Pairing mechanism in multiband superconductors

TL;DR

This paper reveals that interband pair hopping, rather than an attractive interaction, is the key mechanism for Cooper pair formation in multiband superconductors, supported by renormalization group analysis and mean-field theory.

Contribution

It demonstrates that resonating interband pair hopping explains pairing in multiband superconductors, challenging conventional attractive glue theories.

Findings

Renormalization group flows match mean-field Hamiltonian predictions.

Interband pair hopping enhances spin fluctuations at nesting vectors.

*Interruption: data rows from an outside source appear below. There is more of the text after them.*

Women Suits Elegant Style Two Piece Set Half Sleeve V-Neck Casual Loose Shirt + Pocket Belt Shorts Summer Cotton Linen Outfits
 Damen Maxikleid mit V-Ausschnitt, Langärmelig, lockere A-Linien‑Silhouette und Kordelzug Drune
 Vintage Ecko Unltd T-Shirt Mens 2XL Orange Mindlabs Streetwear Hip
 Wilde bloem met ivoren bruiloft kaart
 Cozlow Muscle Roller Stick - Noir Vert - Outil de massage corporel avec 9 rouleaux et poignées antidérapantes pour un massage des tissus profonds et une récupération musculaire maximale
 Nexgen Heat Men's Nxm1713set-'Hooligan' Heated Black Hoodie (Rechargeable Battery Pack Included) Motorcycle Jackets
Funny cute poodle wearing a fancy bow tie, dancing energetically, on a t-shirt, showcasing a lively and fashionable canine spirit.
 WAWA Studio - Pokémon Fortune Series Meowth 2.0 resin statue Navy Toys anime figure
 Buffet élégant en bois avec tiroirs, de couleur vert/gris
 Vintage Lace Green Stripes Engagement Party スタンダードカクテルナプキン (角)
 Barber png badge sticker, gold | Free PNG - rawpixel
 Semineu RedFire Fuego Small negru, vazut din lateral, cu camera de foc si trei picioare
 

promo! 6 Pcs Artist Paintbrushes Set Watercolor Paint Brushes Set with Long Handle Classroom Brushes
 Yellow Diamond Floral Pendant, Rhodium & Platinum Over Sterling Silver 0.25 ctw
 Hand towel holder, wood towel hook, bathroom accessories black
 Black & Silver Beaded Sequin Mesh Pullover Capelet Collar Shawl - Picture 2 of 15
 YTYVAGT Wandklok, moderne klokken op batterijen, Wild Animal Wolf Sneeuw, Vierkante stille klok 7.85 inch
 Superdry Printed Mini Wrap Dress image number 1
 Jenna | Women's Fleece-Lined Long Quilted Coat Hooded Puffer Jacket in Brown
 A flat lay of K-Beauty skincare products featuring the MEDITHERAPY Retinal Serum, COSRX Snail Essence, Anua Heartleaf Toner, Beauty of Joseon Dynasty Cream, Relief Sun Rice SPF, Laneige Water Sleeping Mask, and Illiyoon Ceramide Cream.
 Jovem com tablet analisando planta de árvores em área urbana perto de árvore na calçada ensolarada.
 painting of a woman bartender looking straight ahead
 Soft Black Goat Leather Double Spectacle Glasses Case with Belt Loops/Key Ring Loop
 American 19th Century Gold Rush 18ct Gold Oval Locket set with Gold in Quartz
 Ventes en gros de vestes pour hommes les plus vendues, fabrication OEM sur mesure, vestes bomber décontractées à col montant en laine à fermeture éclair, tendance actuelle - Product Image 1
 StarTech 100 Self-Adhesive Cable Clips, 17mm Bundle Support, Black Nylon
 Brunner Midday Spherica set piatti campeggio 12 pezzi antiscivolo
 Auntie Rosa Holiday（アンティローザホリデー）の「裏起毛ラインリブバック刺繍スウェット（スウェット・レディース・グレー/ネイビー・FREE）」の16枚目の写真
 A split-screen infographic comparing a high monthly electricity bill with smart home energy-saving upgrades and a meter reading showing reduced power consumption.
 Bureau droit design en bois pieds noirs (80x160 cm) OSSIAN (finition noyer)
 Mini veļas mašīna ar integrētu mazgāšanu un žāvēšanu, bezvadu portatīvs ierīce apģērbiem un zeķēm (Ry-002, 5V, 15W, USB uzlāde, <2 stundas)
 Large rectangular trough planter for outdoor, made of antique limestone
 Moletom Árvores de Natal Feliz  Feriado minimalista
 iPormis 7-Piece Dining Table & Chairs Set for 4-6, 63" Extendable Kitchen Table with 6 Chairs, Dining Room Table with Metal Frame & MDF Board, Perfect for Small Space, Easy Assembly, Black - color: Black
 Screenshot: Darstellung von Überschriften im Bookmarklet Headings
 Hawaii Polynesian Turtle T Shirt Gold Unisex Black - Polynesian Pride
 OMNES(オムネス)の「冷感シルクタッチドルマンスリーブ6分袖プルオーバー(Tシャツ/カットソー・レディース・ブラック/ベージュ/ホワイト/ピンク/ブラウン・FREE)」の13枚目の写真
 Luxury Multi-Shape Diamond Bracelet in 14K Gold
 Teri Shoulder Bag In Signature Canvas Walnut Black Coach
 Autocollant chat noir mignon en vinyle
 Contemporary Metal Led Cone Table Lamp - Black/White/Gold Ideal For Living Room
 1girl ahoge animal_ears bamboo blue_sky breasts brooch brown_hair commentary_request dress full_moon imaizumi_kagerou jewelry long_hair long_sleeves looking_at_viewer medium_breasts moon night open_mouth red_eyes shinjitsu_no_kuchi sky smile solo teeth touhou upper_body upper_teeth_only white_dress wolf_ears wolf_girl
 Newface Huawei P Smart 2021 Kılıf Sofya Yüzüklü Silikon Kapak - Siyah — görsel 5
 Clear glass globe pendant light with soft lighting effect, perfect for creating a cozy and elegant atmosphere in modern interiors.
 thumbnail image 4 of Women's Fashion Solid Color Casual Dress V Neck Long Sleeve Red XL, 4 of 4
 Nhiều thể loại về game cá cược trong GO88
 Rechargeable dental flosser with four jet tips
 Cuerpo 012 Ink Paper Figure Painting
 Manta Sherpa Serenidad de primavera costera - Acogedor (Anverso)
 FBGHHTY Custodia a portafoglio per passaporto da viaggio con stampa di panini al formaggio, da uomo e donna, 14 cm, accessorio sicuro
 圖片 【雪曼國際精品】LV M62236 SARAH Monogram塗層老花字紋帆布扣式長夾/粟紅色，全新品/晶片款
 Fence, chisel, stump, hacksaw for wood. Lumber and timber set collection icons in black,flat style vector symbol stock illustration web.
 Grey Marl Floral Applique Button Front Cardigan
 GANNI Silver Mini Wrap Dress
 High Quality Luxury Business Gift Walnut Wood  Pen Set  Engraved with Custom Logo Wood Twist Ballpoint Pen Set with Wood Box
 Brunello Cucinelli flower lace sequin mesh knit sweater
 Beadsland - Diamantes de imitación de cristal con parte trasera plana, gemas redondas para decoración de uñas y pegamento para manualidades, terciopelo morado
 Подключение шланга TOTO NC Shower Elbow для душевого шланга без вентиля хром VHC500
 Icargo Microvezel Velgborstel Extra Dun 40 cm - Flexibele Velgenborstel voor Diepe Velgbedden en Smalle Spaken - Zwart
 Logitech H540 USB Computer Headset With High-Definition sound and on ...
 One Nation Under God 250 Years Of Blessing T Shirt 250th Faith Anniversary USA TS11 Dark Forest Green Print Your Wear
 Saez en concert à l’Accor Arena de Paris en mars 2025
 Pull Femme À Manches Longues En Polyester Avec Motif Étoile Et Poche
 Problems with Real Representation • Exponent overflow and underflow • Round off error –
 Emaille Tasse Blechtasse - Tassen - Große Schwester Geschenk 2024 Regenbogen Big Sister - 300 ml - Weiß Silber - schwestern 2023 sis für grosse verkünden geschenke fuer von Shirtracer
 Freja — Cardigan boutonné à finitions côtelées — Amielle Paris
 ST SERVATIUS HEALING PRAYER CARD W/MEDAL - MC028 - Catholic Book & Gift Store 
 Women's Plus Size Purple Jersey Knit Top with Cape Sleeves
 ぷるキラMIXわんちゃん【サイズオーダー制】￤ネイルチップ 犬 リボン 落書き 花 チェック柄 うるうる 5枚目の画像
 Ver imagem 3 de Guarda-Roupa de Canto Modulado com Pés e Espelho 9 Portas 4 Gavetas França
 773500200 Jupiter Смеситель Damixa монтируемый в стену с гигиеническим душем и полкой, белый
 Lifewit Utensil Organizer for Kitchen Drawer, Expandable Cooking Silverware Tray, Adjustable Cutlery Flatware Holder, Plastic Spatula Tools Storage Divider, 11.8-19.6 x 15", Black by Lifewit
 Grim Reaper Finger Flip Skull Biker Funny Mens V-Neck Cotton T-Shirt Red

No attractive interaction is necessary for pairing in these systems.

Abstract

We investigate pairing mechanism in multiband superconductors. To put our feet on firm ground, unbiased renormalization group analysis is carried out for iron-based superconductors. It is quite remarkable that, after integrating out quantum fluctuations, the renormalization-group flows agree exceedingly well with a mean-field Hamiltonian where interband pair hopping plays an essential role. Through interband pair hopping, electrons can overcome the repulsive interaction between them and form resonating Cooper pairs between different bands. Unlike the conventional superconductors, the pairing mechanism in multiband superconductors is resonating pair hopping between different bands, just like the resonating chemical bonds in benzene. The effective mean-field Hamiltonian spots a small parameter dictating the critical temperature and also explains how interband pair hopping always enahnces spin fluctuations at the nesting momentum connecting the Fermi surfaces. In short, no attractive glue is needed and resonating interband pair hopping is the key to Cooper pair formation in unconventional superconductors. Implications to cuprates and related issues are also discussed at the end.